Fast-food worker movement makes waves in California
Stephon Johnson | 8/28/2014, 1:06 p.m.
With the fast-food worker labor movement in full force nationally, every victory for the organizers can be considered a major one. Last week was no different.
The California Legislature passed SB610, which expands the rights of franchisees statewide and brings a greater balance to the franchisor-franchisee relationship, according to labor advocates. Granting franchisees additional rights pits the International Franchise Association and the California Chamber of Commerce against labor unions the Service Employees International Union and small businesses.

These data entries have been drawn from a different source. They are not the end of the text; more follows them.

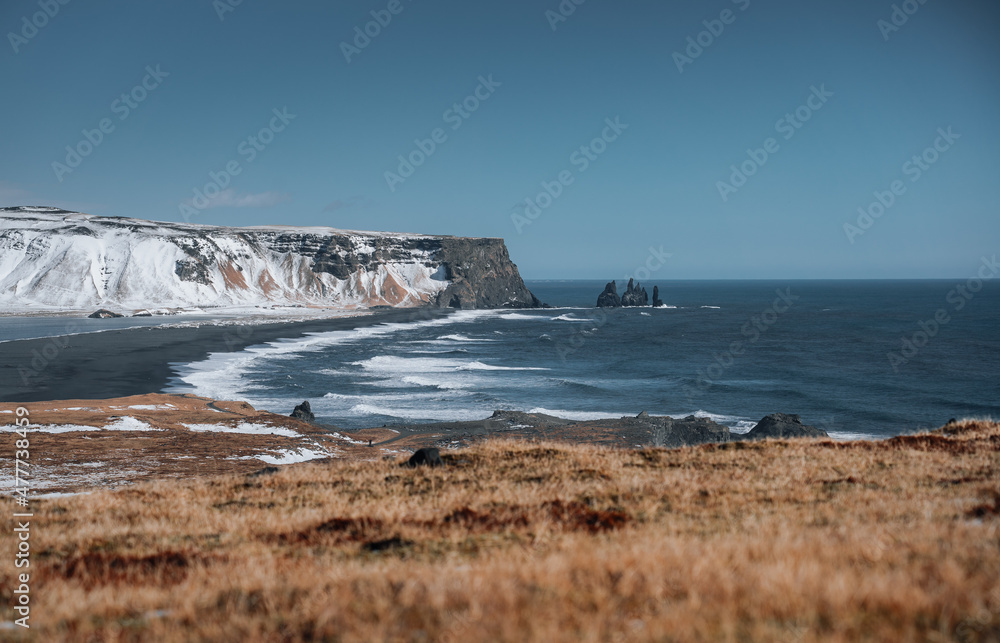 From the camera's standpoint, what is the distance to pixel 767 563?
5.14m

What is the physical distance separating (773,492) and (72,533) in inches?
394

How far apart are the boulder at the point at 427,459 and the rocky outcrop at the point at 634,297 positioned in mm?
162181

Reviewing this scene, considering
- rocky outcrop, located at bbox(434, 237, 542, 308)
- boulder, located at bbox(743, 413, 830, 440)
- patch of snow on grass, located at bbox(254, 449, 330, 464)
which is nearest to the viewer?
patch of snow on grass, located at bbox(254, 449, 330, 464)

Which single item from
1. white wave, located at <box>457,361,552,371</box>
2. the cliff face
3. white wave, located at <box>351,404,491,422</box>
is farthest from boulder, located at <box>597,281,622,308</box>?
white wave, located at <box>351,404,491,422</box>

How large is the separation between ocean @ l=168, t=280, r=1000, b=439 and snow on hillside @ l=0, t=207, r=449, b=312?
69083mm

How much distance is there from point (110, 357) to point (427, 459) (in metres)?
55.8

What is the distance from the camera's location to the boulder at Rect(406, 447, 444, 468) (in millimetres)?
13117

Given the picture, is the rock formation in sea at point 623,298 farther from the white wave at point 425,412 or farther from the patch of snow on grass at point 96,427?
the patch of snow on grass at point 96,427

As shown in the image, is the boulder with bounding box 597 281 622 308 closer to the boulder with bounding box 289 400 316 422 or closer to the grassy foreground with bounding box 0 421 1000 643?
the boulder with bounding box 289 400 316 422

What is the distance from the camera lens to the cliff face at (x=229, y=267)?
132 metres

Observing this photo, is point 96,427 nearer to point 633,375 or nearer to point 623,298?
point 633,375

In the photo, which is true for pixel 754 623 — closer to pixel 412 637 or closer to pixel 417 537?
pixel 412 637

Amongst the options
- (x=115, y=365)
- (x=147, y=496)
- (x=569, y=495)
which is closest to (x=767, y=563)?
(x=569, y=495)

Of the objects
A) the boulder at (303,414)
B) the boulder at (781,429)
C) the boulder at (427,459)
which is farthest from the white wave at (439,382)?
the boulder at (427,459) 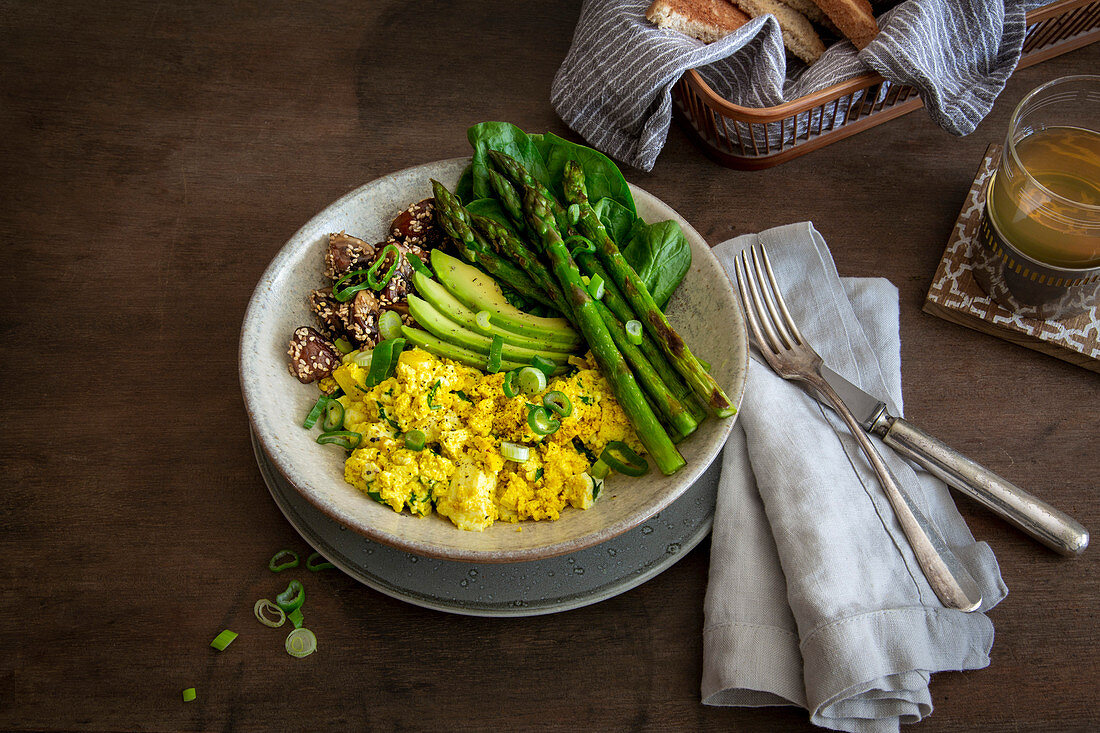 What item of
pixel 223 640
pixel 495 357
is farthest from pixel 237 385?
pixel 495 357

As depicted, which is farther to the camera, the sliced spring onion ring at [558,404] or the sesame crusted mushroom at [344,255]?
the sesame crusted mushroom at [344,255]

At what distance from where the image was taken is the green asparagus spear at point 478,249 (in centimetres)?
220

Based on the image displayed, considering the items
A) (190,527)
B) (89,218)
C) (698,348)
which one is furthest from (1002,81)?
(89,218)

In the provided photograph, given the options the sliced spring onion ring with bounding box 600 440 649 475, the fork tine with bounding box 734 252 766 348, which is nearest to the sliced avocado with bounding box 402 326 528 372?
the sliced spring onion ring with bounding box 600 440 649 475

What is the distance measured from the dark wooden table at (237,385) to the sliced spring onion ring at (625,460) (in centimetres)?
30

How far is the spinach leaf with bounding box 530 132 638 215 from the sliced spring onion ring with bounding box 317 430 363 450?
0.95 meters

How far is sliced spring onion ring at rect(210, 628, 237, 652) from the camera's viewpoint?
1.94 metres

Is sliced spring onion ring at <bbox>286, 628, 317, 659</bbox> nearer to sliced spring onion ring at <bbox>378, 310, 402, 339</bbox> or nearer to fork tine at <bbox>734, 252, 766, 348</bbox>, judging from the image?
sliced spring onion ring at <bbox>378, 310, 402, 339</bbox>

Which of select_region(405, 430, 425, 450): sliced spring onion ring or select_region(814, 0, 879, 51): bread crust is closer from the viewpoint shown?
select_region(405, 430, 425, 450): sliced spring onion ring

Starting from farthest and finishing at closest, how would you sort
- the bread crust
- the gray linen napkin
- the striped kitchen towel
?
the bread crust < the striped kitchen towel < the gray linen napkin

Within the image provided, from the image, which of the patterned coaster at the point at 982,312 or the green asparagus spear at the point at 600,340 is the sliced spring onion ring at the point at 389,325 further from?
the patterned coaster at the point at 982,312

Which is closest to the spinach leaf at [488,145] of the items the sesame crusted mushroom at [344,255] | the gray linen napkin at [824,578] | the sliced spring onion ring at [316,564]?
the sesame crusted mushroom at [344,255]

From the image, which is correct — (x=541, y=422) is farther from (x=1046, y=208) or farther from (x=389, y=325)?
(x=1046, y=208)

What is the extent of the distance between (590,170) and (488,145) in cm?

Members of the Fight for 15 campaign in East Bay, Los Angeles, San Diego and Sacramento issued a statement after the ruling.
“The California Senate today sided with franchisees and fast-food workers, who have a common interest in holding corporations accountable,” read the statement. “Franchisors’ dominance over franchisees makes it tough for franchisees to run a stable business. A small business dominated by a multinational corporation makes it hard on both owner-operators and workers.

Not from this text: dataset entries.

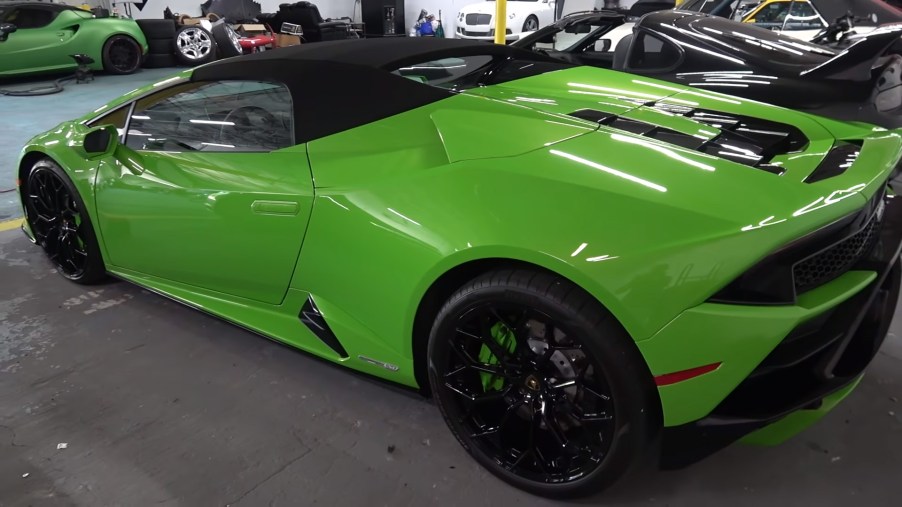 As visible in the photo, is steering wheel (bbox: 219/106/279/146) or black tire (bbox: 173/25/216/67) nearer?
steering wheel (bbox: 219/106/279/146)

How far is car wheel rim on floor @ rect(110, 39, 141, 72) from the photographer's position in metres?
8.54

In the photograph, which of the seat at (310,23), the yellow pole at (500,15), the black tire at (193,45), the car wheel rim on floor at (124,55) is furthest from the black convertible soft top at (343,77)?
the seat at (310,23)

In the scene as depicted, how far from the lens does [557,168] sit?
1.35 metres

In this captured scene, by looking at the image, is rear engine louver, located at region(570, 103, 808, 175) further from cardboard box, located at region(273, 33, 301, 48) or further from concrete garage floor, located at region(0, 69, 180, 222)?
cardboard box, located at region(273, 33, 301, 48)

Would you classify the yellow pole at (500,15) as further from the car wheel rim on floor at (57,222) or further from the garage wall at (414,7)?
the garage wall at (414,7)

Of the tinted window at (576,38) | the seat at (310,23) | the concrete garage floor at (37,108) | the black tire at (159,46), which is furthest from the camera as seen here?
the seat at (310,23)

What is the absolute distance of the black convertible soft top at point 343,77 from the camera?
68.3 inches

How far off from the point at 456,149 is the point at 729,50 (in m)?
2.87

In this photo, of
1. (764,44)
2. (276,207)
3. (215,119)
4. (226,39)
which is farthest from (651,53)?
(226,39)

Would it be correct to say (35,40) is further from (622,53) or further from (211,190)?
(211,190)

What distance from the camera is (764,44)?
361 cm

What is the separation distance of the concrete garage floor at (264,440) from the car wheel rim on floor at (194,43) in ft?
27.0

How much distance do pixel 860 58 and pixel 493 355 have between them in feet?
9.96

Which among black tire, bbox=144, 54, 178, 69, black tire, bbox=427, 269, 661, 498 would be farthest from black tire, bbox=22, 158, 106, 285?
black tire, bbox=144, 54, 178, 69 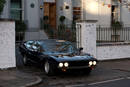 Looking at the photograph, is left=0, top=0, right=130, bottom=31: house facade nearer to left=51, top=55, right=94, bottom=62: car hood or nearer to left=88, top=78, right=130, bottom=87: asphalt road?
left=51, top=55, right=94, bottom=62: car hood

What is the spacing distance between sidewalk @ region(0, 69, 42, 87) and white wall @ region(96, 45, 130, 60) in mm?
5531

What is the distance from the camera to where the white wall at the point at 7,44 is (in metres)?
11.5

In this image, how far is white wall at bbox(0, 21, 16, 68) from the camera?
11.5m

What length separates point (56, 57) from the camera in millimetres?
9898

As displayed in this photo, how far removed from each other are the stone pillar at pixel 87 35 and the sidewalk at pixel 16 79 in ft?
14.7

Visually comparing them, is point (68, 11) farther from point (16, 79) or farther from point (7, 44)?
point (16, 79)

“By protecting franchisees from being put out of business arbitrarily and ensuring they can sell to qualified buyers, the Senate took a critical step toward correcting the imbalance of power between franchisors and the franchisees and workers who contribute to the success of fast-food restaurants in California,” continued the statement. “We urge the governor to swiftly sign SB610 into law and allow franchisees to build better businesses for themselves and their employees.”
The SEIU believes that SB610 will give way to increased wages and benefits for employees since the franchisees wouldn’t have to worry about a threat of contract termination because they introduced said benefits.
Not everyone is happy with the results. IFA President and CEO Steve Caldeira, in a statement obtained by cable news network MSNBC, criticized the wording of the bill and how it might affect businesses in California.
“SB610, particularly the termination language, is more vague and obscure in its definition than any other state franchise law,” read Caldeira’s statement. “This bill without question will undermine franchise growth in California, lead to frivolous, unnecessary and costly litigation, reduced product quality [and] harm brand integrity.”
After passing through the Senate and the Assembly, it’s now up to California Gov. Jerry Brown to approve the bill.